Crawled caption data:
+ + + +

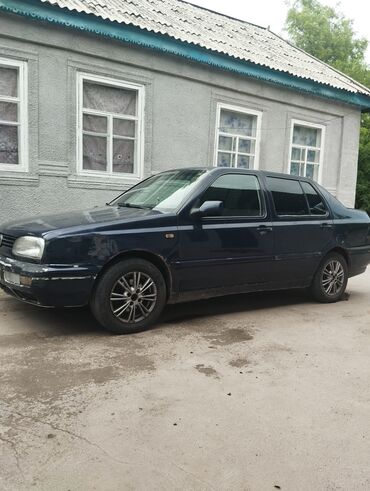l9 pro: Volkswagen Vento: 1996 г., 1.8 л, Механика, Бензин, Седан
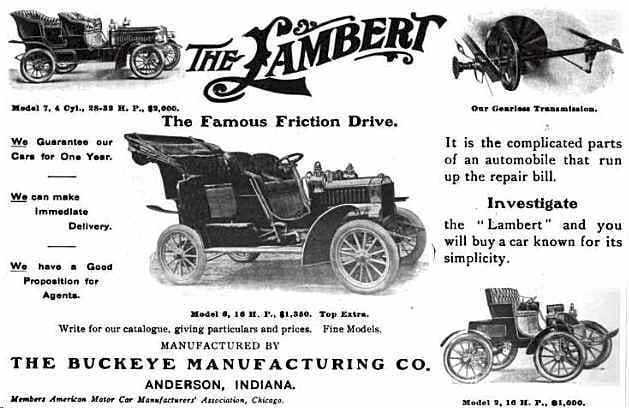 Lambert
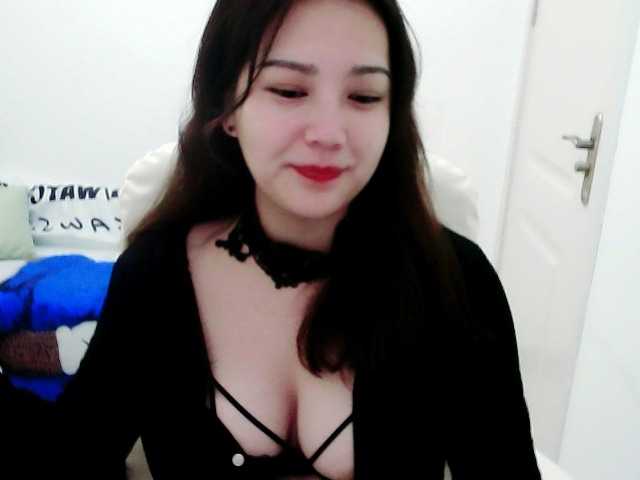 Bilder Adabigbb New Chinese girl, welcome to take me to PVT to train me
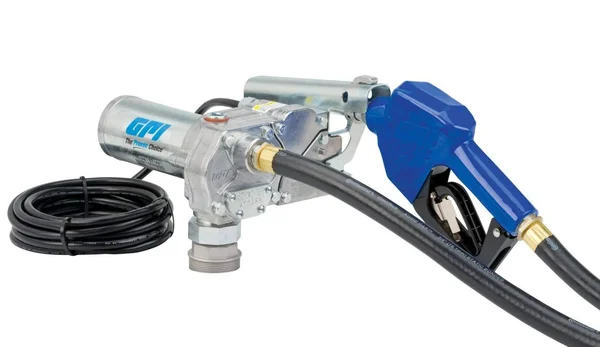 Fuel TRANSFER Pump - 110000-100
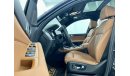 بي أم دبليو X5 2021 BMW X5 40i xDrive M Sport, Jan 2026 BMW Warranty + Service Package, Low Kms, GCC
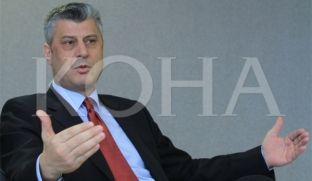  Si po e synon Thaçi forcimin e pozitës së Presidentit [video]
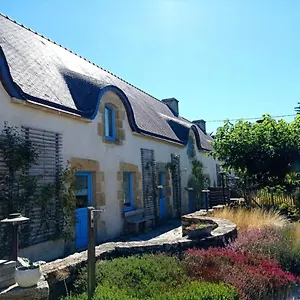 D'hotes Nordlys Maison d'hôtes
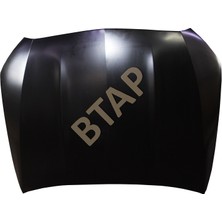 Rose Mercedes W206 Kaput  Alumınyum 2068800500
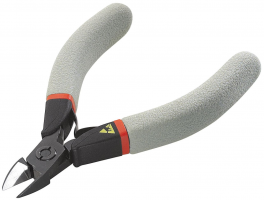 Pince coupe semi-rase esd 435.e Facom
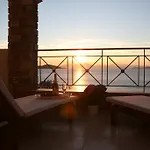 Apart Otel Thea - & Marmari (Evia)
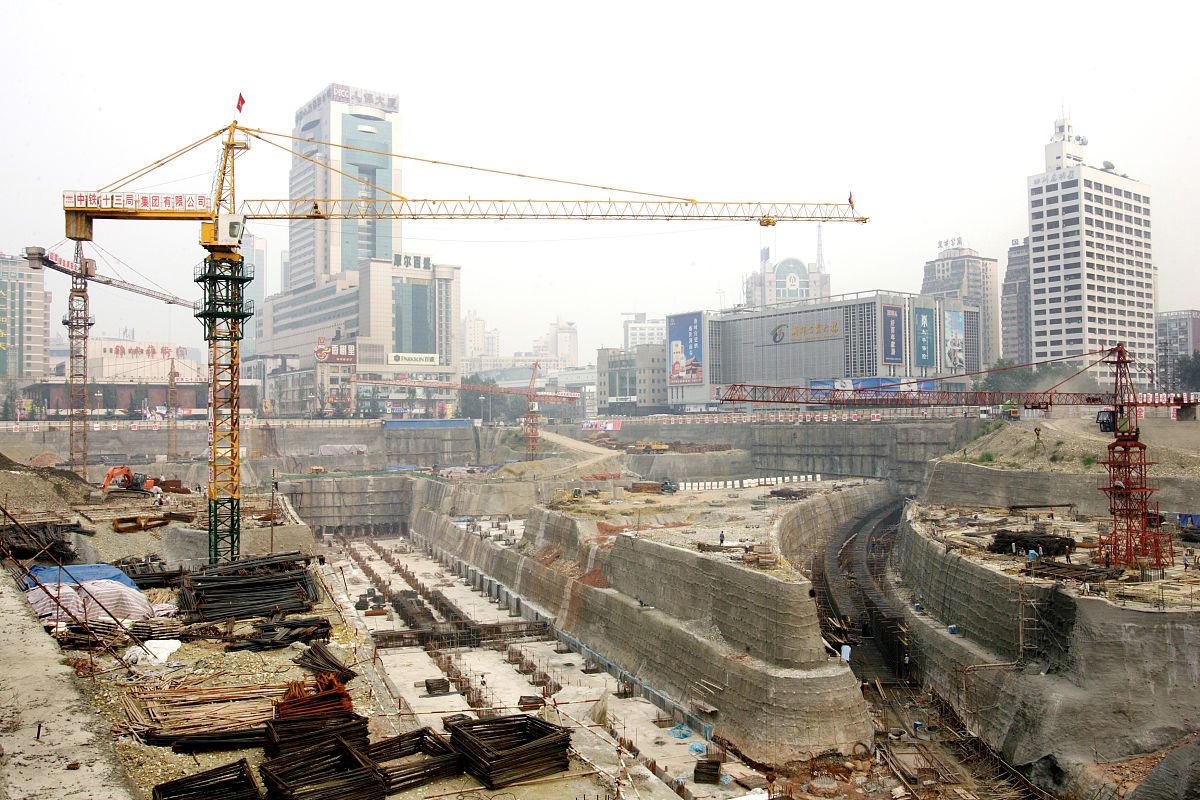 成都地铁3号线：线路概览、站点分布及重要性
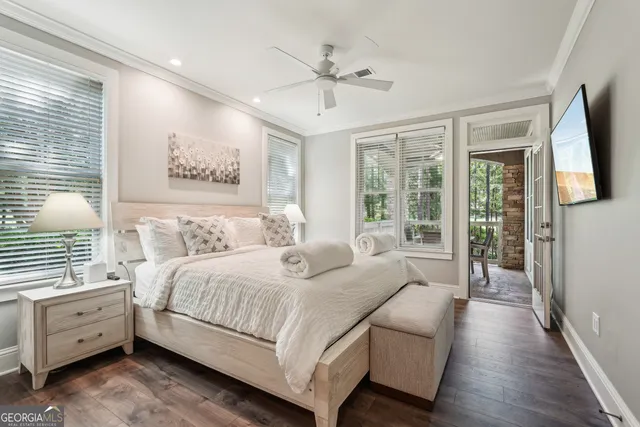 $825,000 | 1050 A Tailwater, Greensboro, GA 30642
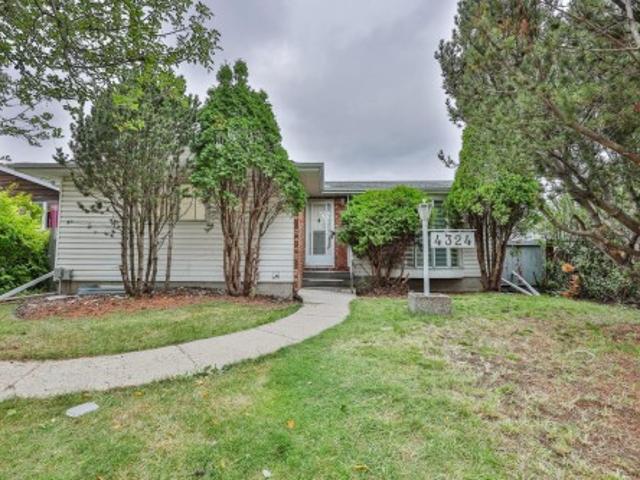 4324 70 Street Nw, Edmonton, AB, T6K 0V1 house for sale | Listing ID E4512 | Royal LePage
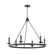 Allendale Chandelier (57|3206-AOB)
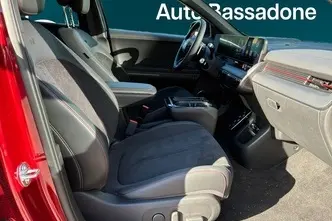 Hyundai IONIQ 5, 239 kW, elekter, automaat, nelikvedu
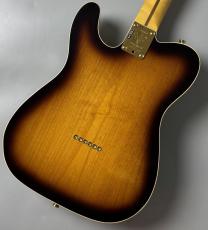 Fender 75th Anniversary American Professional II Custom Telecaster -2 Tone Sunburst- #US25096819_7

+ + + +

■ **Task requirements**
From the line containing "Pince coupe semi-rase esd 435.e Facom" down to the last line of the entries above, copy each line exactly and nothing more. Leave pictures out.

■ **Response to this task**
 Pince coupe semi-rase esd 435.e Facom
 Apart Otel Thea - & Marmari (Evia)
 成都地铁3号线：线路概览、站点分布及重要性
 $825,000 | 1050 A Tailwater, Greensboro, GA 30642
 4324 70 Street Nw, Edmonton, AB, T6K 0V1 house for sale | Listing ID E4512 | Royal LePage
 Allendale Chandelier (57|3206-AOB)
 Hyundai IONIQ 5, 239 kW, elekter, automaat, nelikvedu
 Fender 75th Anniversary American Professional II Custom Telecaster -2 Tone Sunburst- #US25096819_7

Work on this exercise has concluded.